While using a heat gun to remove several layers of paint from a wooden door, the bottom layer or two have been particularly hard to remove. I think these layers may not be paint, and I am curious as to what these may be and how they can be removed?
The building in which I live is about 100 years old, and I assume the door, which is a bathroom door, is the same age as the building, but I really don't know. The door's top-most paint is white (see pictures below) and nicely scrapes up in strips after heating from a heat gun (1100 F). Tan in color, the bottom layer becomes gummy and sticky with the same heating and is both harder to remove from the wood and also sticks to the paint scraper.
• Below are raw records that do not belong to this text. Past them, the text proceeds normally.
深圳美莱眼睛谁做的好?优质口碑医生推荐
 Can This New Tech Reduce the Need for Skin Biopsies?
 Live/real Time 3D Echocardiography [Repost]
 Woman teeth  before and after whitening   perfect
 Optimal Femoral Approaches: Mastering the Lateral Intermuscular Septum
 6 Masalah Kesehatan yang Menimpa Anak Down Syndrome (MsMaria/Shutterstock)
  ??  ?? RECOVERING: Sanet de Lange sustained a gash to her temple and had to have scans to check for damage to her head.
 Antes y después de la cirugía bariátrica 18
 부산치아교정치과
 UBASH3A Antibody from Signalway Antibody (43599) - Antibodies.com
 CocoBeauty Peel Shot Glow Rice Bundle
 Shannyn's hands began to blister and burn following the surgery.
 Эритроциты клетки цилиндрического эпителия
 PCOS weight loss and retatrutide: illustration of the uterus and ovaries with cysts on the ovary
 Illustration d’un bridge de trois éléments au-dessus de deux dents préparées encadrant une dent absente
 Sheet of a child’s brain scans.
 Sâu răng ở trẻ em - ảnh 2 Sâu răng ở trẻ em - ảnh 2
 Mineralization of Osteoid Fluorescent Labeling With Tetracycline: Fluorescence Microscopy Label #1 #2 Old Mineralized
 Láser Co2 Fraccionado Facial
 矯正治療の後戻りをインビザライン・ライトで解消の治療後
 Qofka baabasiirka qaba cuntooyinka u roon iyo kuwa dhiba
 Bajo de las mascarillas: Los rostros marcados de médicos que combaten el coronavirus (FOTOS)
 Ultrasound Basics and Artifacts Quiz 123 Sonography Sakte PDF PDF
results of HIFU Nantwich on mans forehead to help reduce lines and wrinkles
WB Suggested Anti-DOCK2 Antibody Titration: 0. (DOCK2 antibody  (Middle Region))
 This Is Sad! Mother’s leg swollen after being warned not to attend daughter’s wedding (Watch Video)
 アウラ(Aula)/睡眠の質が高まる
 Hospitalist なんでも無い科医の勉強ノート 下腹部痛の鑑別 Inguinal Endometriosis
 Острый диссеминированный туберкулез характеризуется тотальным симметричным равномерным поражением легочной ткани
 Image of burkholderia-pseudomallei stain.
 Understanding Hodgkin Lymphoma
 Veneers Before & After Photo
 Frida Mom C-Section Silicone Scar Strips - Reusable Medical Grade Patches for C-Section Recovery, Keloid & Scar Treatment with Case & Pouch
A local paint store employee to whom I showed these same pictures thought this bottom layer was neither paint nor primer, but glue. He said that in his prior work as a painter, he discovered a decades- old painting method in which "glue paper" was applied to wood, the paper peeled to leave the glue, and then paint applied over the glue. He also said that removing this glue was, diplomatically put, laborious. I have looked for information on-line about that technique but haven't found anything.
Any thoughts on what this substance may be and how it should be removed? My goal is to remove all of the paint (and whatever else) from the door and apply a lacquer to it.
I have looked at several StackExchange posts and other sources, but I can't find any information on what this bottom layer may be.